■ **What to produce**
Please reproduce every record exactly as written, leaving out the pictures.

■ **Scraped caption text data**
※

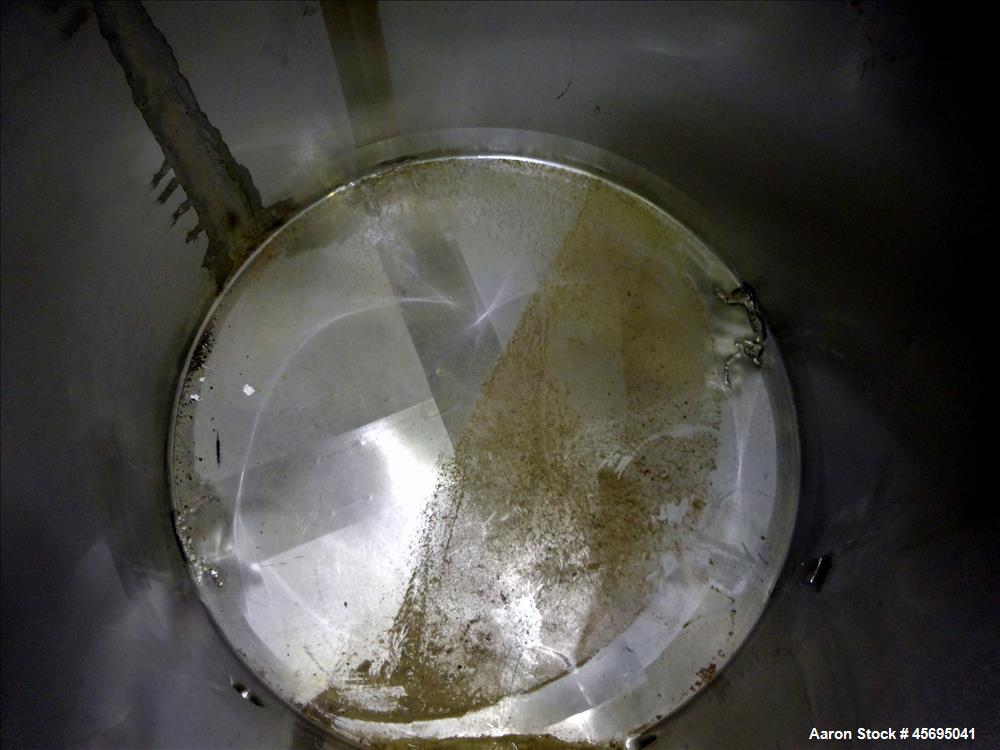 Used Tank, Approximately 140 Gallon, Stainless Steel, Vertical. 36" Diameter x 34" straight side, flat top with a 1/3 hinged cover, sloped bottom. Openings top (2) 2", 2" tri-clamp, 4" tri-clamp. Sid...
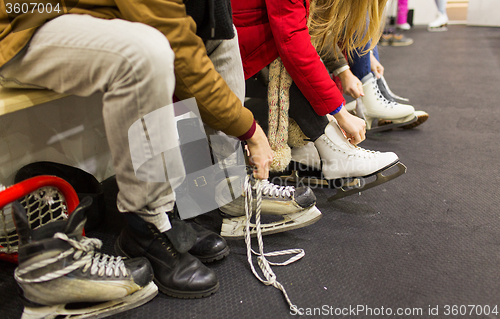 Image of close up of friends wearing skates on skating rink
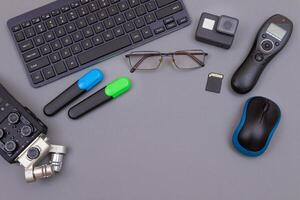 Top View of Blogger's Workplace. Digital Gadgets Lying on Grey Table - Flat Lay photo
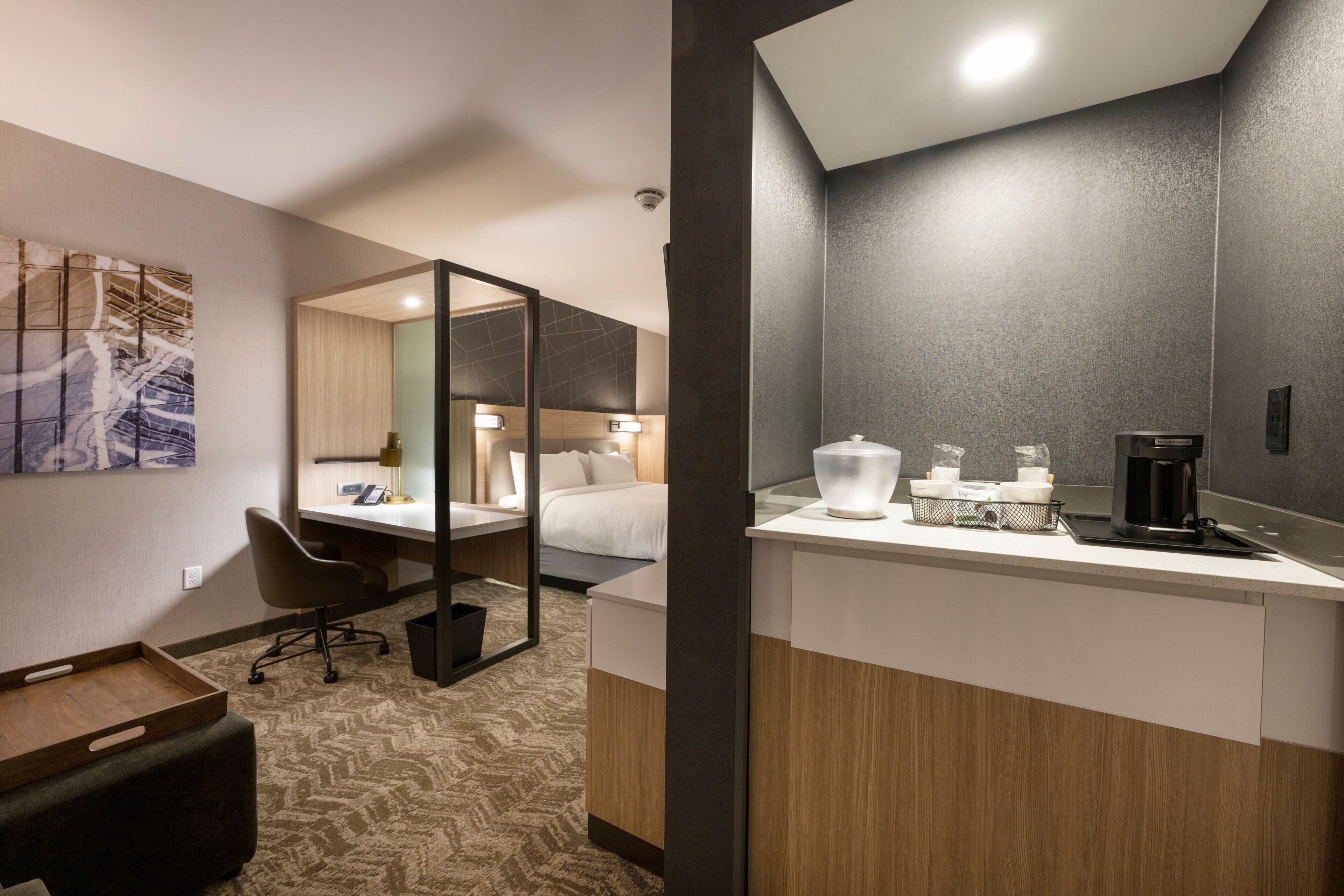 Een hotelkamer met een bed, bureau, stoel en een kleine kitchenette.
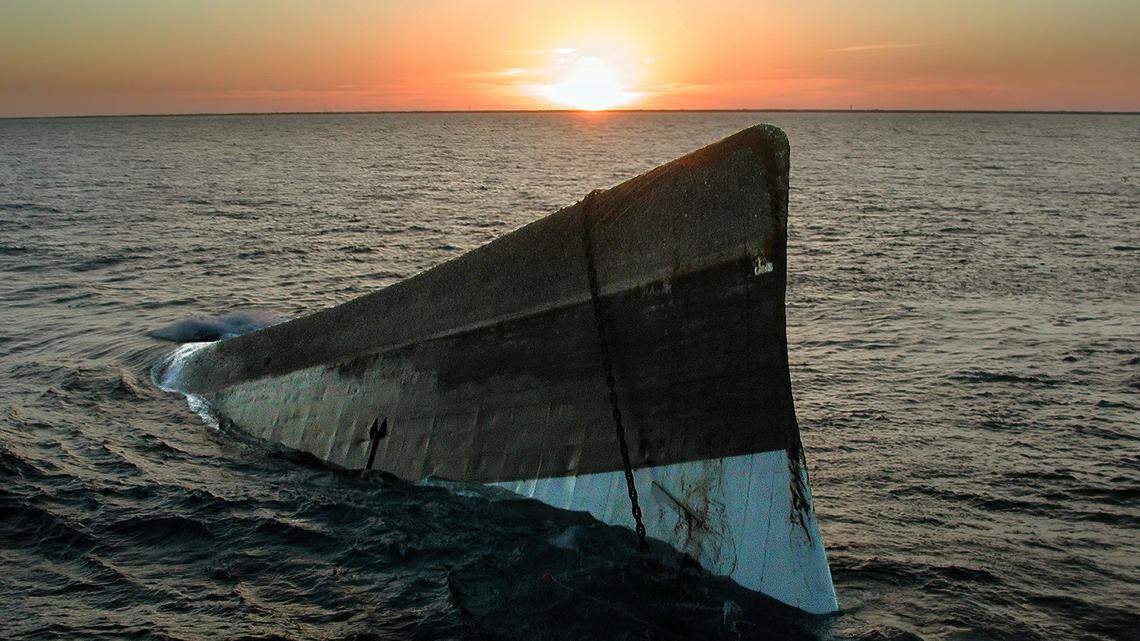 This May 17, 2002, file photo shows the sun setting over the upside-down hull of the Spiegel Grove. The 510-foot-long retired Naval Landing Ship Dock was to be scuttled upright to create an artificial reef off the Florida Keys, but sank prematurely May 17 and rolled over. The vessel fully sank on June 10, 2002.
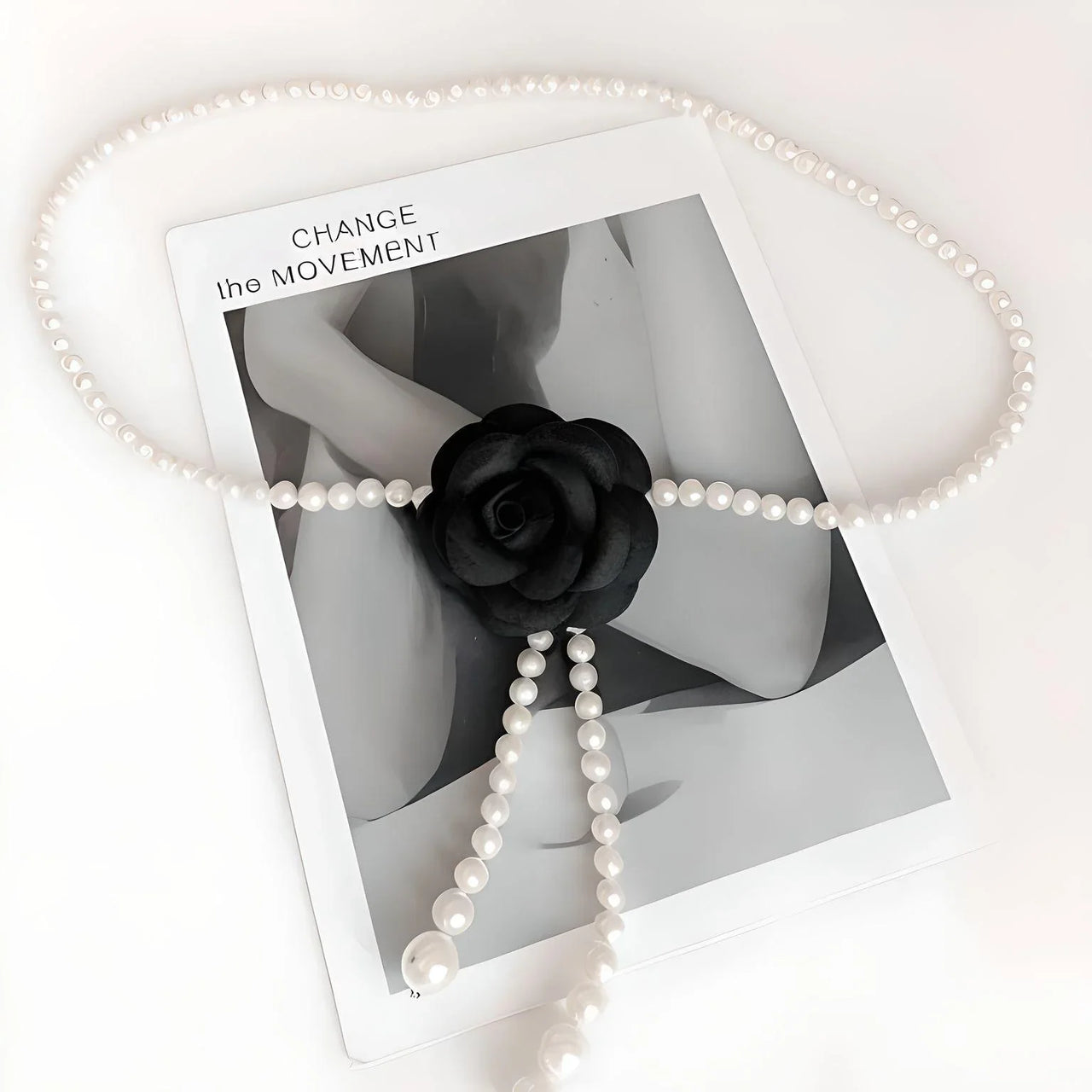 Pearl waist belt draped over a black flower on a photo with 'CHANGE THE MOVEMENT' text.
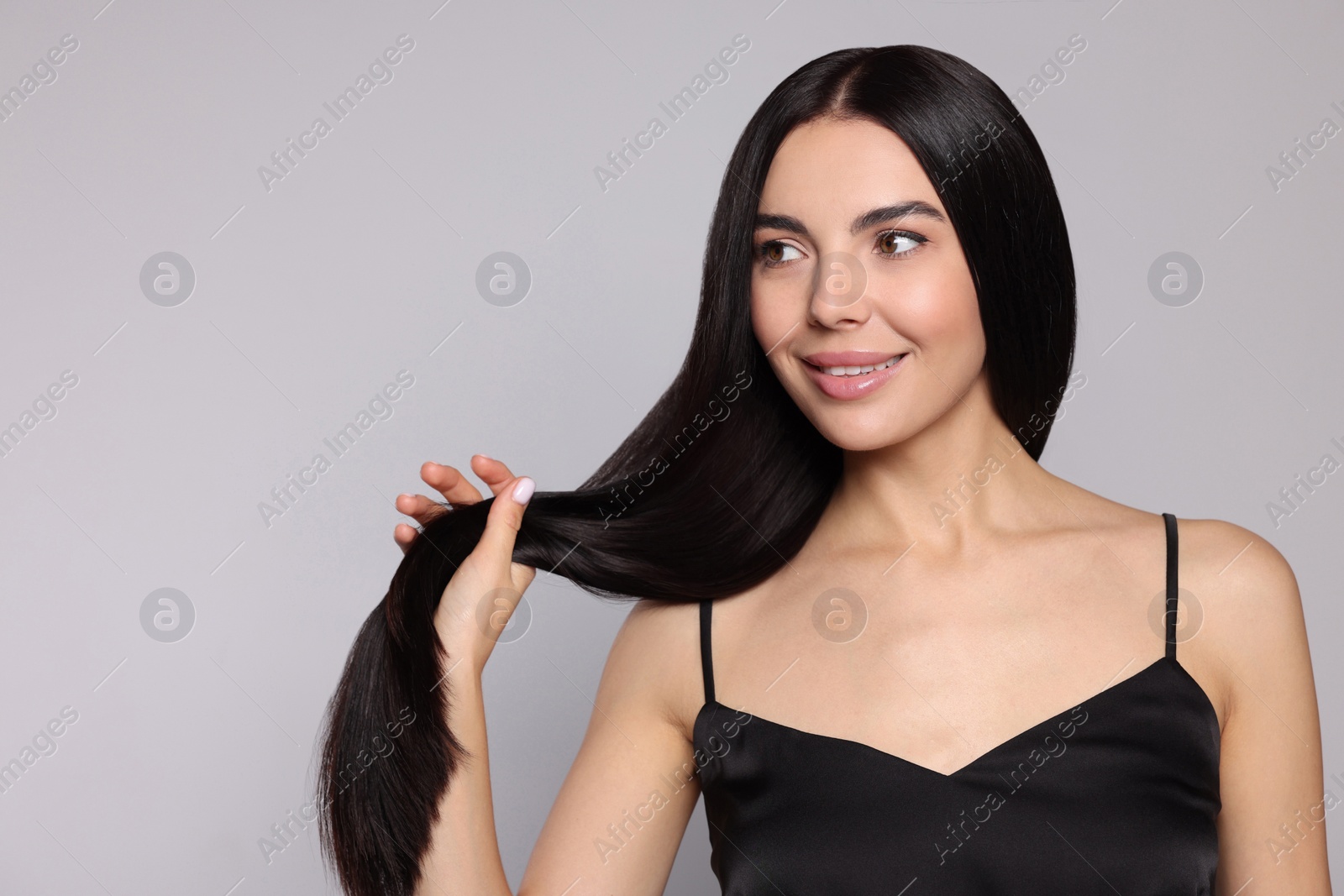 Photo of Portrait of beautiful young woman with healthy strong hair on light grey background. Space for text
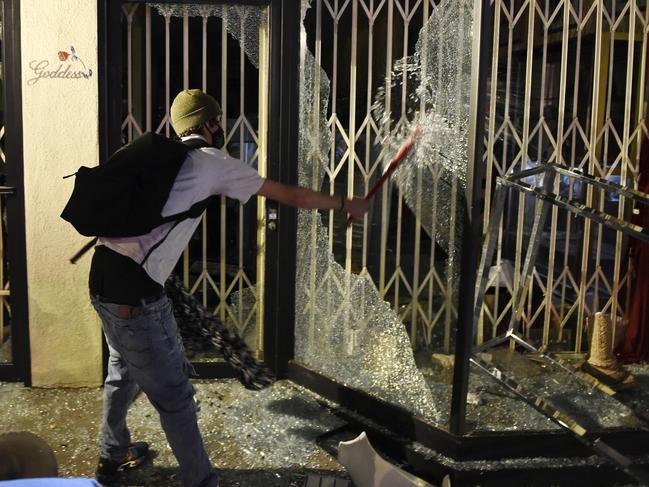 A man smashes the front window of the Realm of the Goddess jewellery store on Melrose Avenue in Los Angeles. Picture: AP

※

■ **Written reply**
 Used Tank, Approximately 140 Gallon, Stainless Steel, Vertical. 36" Diameter x 34" straight side, flat top with a 1/3 hinged cover, sloped bottom. Openings top (2) 2", 2" tri-clamp, 4" tri-clamp. Sid...
 Image of close up of friends wearing skates on skating rink
 Top View of Blogger's Workplace. Digital Gadgets Lying on Grey Table - Flat Lay photo
 Een hotelkamer met een bed, bureau, stoel en een kleine kitchenette.
 This May 17, 2002, file photo shows the sun setting over the upside-down hull of the Spiegel Grove. The 510-foot-long retired Naval Landing Ship Dock was to be scuttled upright to create an artificial reef off the Florida Keys, but sank prematurely May 17 and rolled over. The vessel fully sank on June 10, 2002.
 Pearl waist belt draped over a black flower on a photo with 'CHANGE THE MOVEMENT' text.
 Photo of Portrait of beautiful young woman with healthy strong hair on light grey background. Space for text
 A man smashes the front window of the Realm of the Goddess jewellery store on Melrose Avenue in Los Angeles. Picture: AP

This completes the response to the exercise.